SOURCE DATA
• • • • •
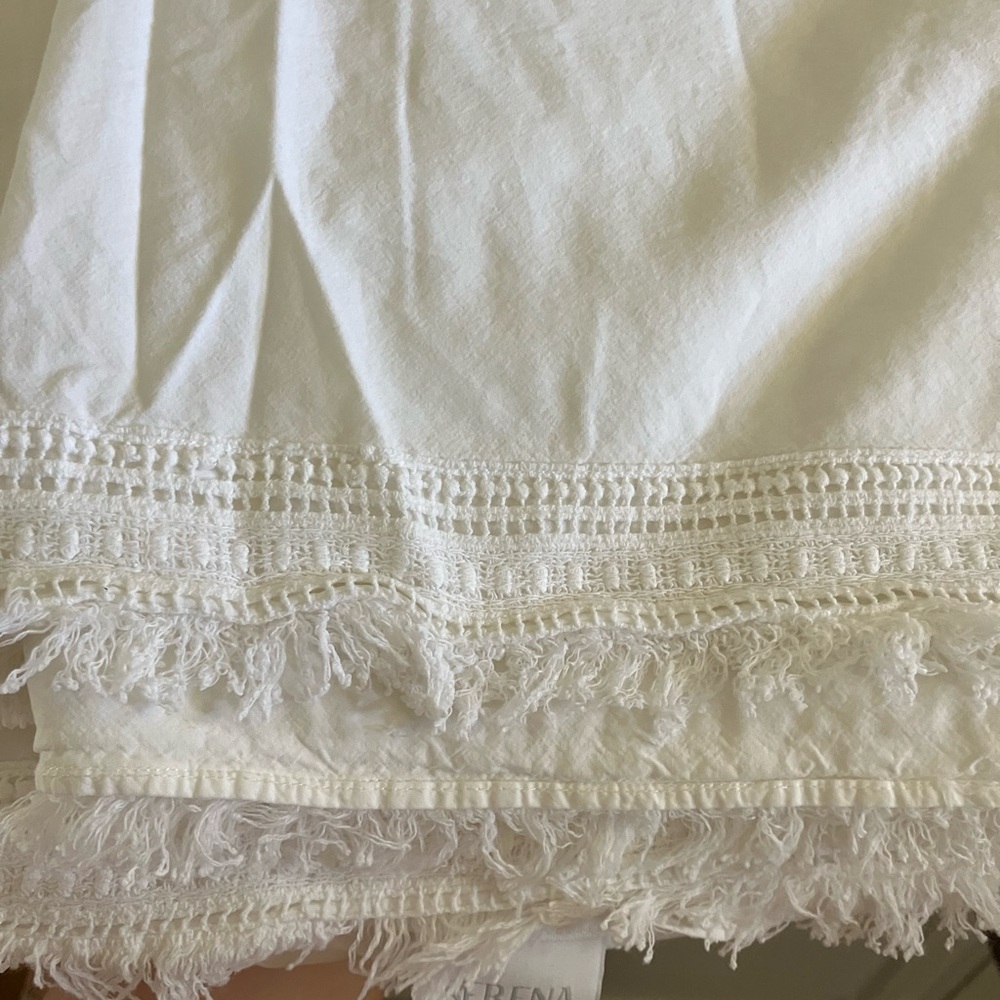 Serena & Lily White King Fitted and Flat Sheet - Picture 3 of 8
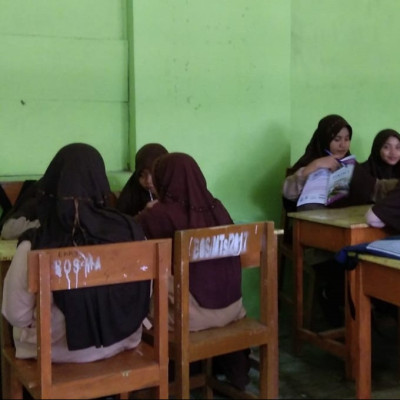 Gunakan Metode Diskusi, Guru Qur'an Hadits MTs. PP Babul Khaer Ajari Siswa Mengeksplor Diri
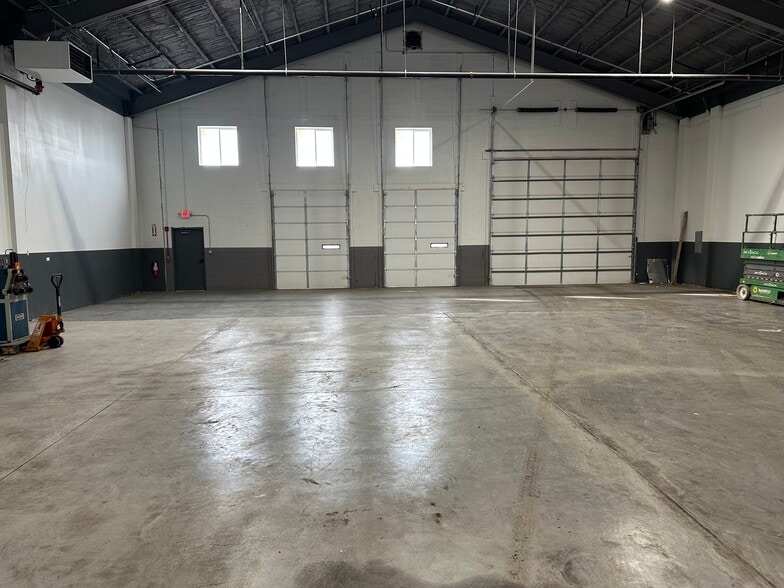 More Photos Of 902 Grace st, Elgin Industrial For Lease
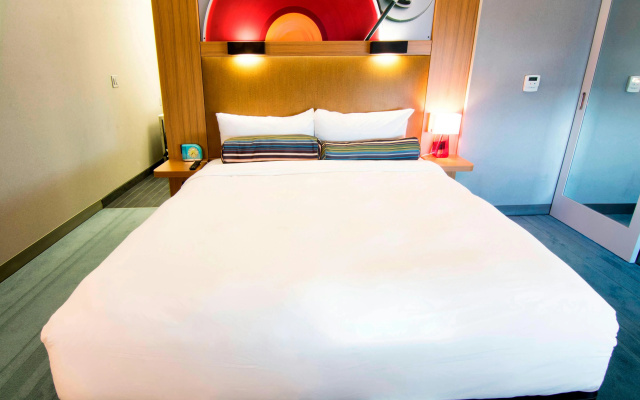 photo 5 of Aloft by Marriott Miami Doral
• • • • •
WHAT YOU HAVE TO DO
Reproduce, unchanged, each line between the one with "Gunakan Metode Diskusi, Guru" and the last line of the material, both included; the pictures do not go in.

REPLY TO THE EXERCISE
 Gunakan Metode Diskusi, Guru Qur'an Hadits MTs. PP Babul Khaer Ajari Siswa Mengeksplor Diri
 More Photos Of 902 Grace st, Elgin Industrial For Lease
 photo 5 of Aloft by Marriott Miami Doral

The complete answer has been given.